Reputation: 913
I have data of the following form:
#@ <abc>
<http://stackoverflow.com/questions/ask> <question> _:question1 .
#@ <def>
<The> <second> <http://line> .
#@ <ghi>
_:question1 <http#responseCode> "200"^^<http://integer> .
#@ <klm>
<The> <second> <http://line1.xml> .
#@ <nop>
_:question1 <date> "Mon, 23 Apr 2012 13:49:27 GMT" .
#@ <jkn>
<G> <http#fifth> "200"^^<http://integer> .
#@ <k93>
_:question1 <http#responseCode> "200"^^<http://integer> .
#@ <k22>
<This> <third> <http://line2.xml> .
#@ <k73>
<http://site1> <hasAddress> <http://addr1> .
#@ <i27>
<kd8> <fourth> <http://addr2.xml> .
Now whenever two lines are equal, like: _:question1 <http#responseCode> "200"^^<http://integer> .

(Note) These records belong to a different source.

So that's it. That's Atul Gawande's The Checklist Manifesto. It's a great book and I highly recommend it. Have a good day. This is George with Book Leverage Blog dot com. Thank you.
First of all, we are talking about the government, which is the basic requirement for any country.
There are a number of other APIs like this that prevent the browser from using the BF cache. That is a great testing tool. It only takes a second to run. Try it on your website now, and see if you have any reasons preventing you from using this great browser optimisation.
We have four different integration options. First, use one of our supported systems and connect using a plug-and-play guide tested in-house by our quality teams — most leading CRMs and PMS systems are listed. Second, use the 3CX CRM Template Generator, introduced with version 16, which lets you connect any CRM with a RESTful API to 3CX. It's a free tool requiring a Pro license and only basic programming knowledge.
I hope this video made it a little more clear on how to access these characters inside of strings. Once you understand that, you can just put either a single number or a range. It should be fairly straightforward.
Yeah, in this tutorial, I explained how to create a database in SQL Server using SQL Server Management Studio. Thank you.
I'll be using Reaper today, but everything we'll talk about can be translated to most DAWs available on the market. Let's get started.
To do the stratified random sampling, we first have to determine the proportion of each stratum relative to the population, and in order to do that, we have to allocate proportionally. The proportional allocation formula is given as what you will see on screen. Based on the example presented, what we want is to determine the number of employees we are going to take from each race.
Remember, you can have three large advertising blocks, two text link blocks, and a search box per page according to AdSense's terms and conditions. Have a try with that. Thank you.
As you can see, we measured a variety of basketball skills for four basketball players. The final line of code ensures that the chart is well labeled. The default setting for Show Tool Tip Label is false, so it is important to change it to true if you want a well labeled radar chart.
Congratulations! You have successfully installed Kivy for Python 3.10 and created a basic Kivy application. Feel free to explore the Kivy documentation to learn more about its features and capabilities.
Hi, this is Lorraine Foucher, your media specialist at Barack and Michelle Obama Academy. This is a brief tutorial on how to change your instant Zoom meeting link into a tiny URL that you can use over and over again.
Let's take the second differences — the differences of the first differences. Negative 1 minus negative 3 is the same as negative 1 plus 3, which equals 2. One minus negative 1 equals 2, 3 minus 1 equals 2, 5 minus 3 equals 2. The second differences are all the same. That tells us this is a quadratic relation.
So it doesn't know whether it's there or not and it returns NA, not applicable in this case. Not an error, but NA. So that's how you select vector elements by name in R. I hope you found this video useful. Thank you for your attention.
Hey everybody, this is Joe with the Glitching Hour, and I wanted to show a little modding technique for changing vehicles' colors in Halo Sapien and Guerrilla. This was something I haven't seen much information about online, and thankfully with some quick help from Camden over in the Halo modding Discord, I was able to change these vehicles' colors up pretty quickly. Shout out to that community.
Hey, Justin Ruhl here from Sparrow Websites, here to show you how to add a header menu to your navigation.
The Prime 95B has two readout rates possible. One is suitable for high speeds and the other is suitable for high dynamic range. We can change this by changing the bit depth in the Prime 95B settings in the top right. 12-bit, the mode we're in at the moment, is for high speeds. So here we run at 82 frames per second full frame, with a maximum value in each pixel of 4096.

, then I want to delete the equal lines (lines which match with each other character by character are equal lines) along with (i). the subsequent line (which ends with a fullstop) (ii). line previous to the equal line (which begins with #@).
#@ <abc>
<http://stackoverflow.com/questions/ask> <question> _:question1 .
#@ <def>
<The> <second> <http://line> .
#@ <nop>
_:question1 <date> "Mon, 23 Apr 2012 13:49:27 GMT" .
#@ <jkn>
<G> <http#fifth> "200"^^<http://integer> .
#@ <k73>
<http://site1> <hasAddress> <http://addr1> .
#@ <i27>
<kd8> <fourth> <http://addr2.xml> .
Now one way to do this is to store all these lines in a set in python and whenever two lines are equal (i.e. they match character by character) the previous and subsequent two lines are deleted. However, the size of my dataset is 100GB (and I have RAM of size 64GB), therefore I can not keep this information in set form in main-memory. Is there some way by which I can delete the duplicate lines along with their previous and subsequent two lines in python with limited main-memory space (RAM size 64 GB)
Upvotes: 2
Views: 145
Reputation: 2729
One fairly straightforward way - make a version of your data such that each line includes a field with its line number. Use unix 'sort' to sort that new file, excluding the line number field. The sort utility will merge sort the file even if it exceeds the size of available memory. Now you have a new file in which the duplicates are ordered, along with their original line numbers. Extract the line numbers of the duplicates and then use that as input for linearly processing your original data.
In more detailed steps.
The advantage of this method compared to some of the others suggested - it always works, regardless of the size of the input and the size of your available memory and it does not fail due to hash collisions or other probabilistic artifacts. You are leveraging the merge sort in unix sort where the hard stuff - dealing with larger-than-memory input - has been done for you.
Upvotes: 1
Reputation: 5407
Here's an outline of how I'd do it using UNIX sort/uniq:
Modify the data format so that each record is a single line. You could do this using the methods here.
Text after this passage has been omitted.